A small command-line tool that lives next to Claude on your laptop. It reads the usage logs Claude Code already writes, prices the tokens with a table you control, and tells you the rate you're burning at and the day you run dry. It meters local Claude Code usage — if a flow doesn't write those logs, burndown can't see it.
Existing tools show what you already spent, after the fact. This one shows the rate and the runway before you hit zero. Nothing leaves the machine. Zero runtime dependencies, read-only on your logs, content-blind by design. MIT.
burndown serve opens an auto-refreshing dashboard at http://127.0.0.1:8787. Same numbers as the terminal — spend, burn rate, runway, top projects — laid out to read at a glance, for people who run Claude through the desktop app.
Bound to 127.0.0.1, never 0.0.0.0. It's a local UI, not a network service — nothing on your network or the internet can reach it. This is the only socket burndown ever opens; everything else is read-and-print.
Prefer not to open a socket? burndown report writes a self-contained HTML file you open from file:// — no server, no fonts or CDN, no telemetry, nothing fetched. The file holds aggregate numbers only — no conversation content — and is git-ignored by default.

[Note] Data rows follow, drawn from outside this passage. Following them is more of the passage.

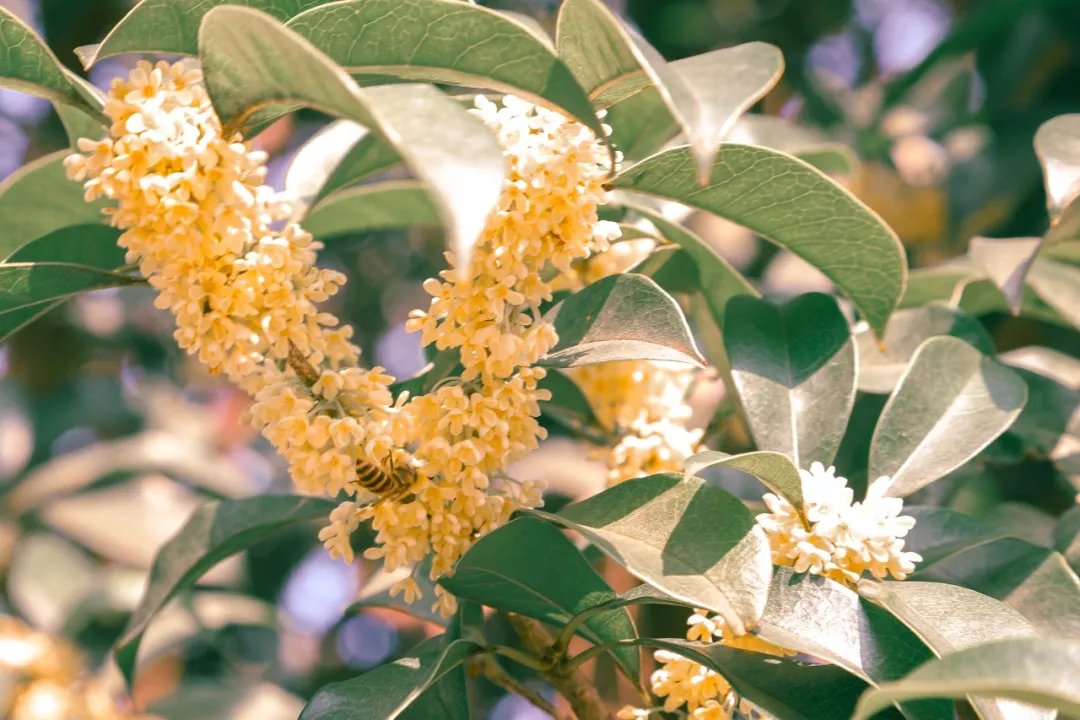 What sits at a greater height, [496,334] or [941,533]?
[496,334]

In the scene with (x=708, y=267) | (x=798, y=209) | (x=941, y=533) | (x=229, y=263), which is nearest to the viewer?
(x=229, y=263)

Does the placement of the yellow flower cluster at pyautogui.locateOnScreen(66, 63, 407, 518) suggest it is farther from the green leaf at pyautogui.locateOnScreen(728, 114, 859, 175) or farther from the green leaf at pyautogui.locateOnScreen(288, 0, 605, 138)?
the green leaf at pyautogui.locateOnScreen(728, 114, 859, 175)

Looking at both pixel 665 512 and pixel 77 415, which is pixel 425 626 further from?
pixel 665 512

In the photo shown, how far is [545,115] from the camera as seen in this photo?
943 mm

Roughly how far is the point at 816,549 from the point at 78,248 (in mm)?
750

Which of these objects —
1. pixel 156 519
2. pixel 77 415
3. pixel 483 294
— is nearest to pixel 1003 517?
pixel 483 294

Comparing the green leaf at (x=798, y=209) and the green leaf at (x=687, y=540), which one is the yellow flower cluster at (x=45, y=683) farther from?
the green leaf at (x=798, y=209)

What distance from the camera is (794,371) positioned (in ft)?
3.83

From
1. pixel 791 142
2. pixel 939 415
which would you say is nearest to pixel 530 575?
pixel 939 415

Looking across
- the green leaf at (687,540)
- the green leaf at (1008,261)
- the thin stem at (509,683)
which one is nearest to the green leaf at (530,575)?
the green leaf at (687,540)

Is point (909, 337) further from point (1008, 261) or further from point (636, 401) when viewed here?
point (636, 401)

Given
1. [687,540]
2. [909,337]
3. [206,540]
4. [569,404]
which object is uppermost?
[687,540]

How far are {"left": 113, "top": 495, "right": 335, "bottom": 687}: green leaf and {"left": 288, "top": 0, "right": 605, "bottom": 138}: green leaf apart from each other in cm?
59

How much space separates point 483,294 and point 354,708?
0.36 metres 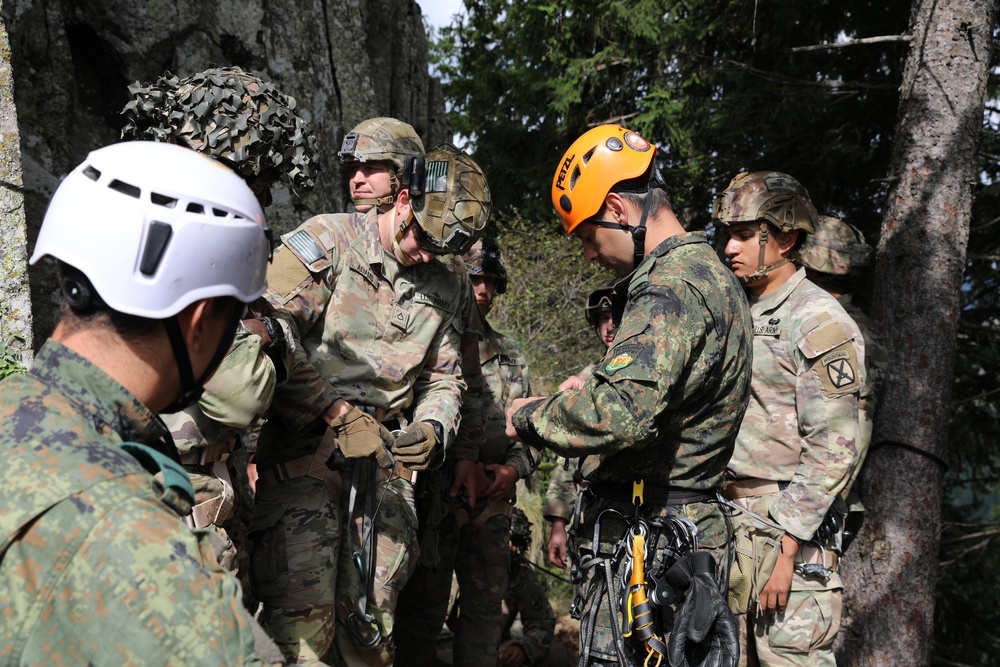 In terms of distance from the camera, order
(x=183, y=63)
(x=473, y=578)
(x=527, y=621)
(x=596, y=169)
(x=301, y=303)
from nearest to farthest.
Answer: (x=596, y=169)
(x=301, y=303)
(x=473, y=578)
(x=183, y=63)
(x=527, y=621)

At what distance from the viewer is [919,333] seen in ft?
18.9

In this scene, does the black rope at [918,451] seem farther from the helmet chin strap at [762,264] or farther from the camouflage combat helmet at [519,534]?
the camouflage combat helmet at [519,534]

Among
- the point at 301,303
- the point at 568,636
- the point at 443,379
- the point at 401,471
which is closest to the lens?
the point at 301,303

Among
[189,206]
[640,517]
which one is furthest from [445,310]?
[189,206]

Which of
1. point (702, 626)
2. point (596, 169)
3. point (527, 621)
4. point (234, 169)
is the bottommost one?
point (527, 621)

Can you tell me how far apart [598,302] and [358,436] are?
5.91 ft

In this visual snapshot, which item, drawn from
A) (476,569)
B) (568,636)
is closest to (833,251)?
(476,569)

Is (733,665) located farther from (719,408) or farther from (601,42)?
(601,42)

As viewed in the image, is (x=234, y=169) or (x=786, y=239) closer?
(x=234, y=169)

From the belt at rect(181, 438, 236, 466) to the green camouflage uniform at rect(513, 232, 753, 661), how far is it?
1134 millimetres

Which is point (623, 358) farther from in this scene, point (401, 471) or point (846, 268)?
point (846, 268)

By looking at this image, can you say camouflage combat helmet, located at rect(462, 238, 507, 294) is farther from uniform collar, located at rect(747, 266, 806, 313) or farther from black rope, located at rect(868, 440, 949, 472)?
black rope, located at rect(868, 440, 949, 472)

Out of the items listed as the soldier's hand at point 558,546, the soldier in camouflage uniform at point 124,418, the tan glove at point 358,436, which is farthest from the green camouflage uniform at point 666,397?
the soldier's hand at point 558,546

Most "free" tools earn their keep with telemetry. burndown earns yours by having nothing to hide: it's small, it's pure-stdlib, and the whole thing reads in one sitting. Verify every claim below from the source — in one line.
Install with pipx straight from the repo and you get the burndown command on your PATH. Pure-Python stdlib, so there's nothing else to pull in. Run burndown and it reads the logs Claude Code is already keeping — set a budget with burndown budget 100 to get a runway. It's on PyPI, so the same one line works on macOS, Linux, and Windows.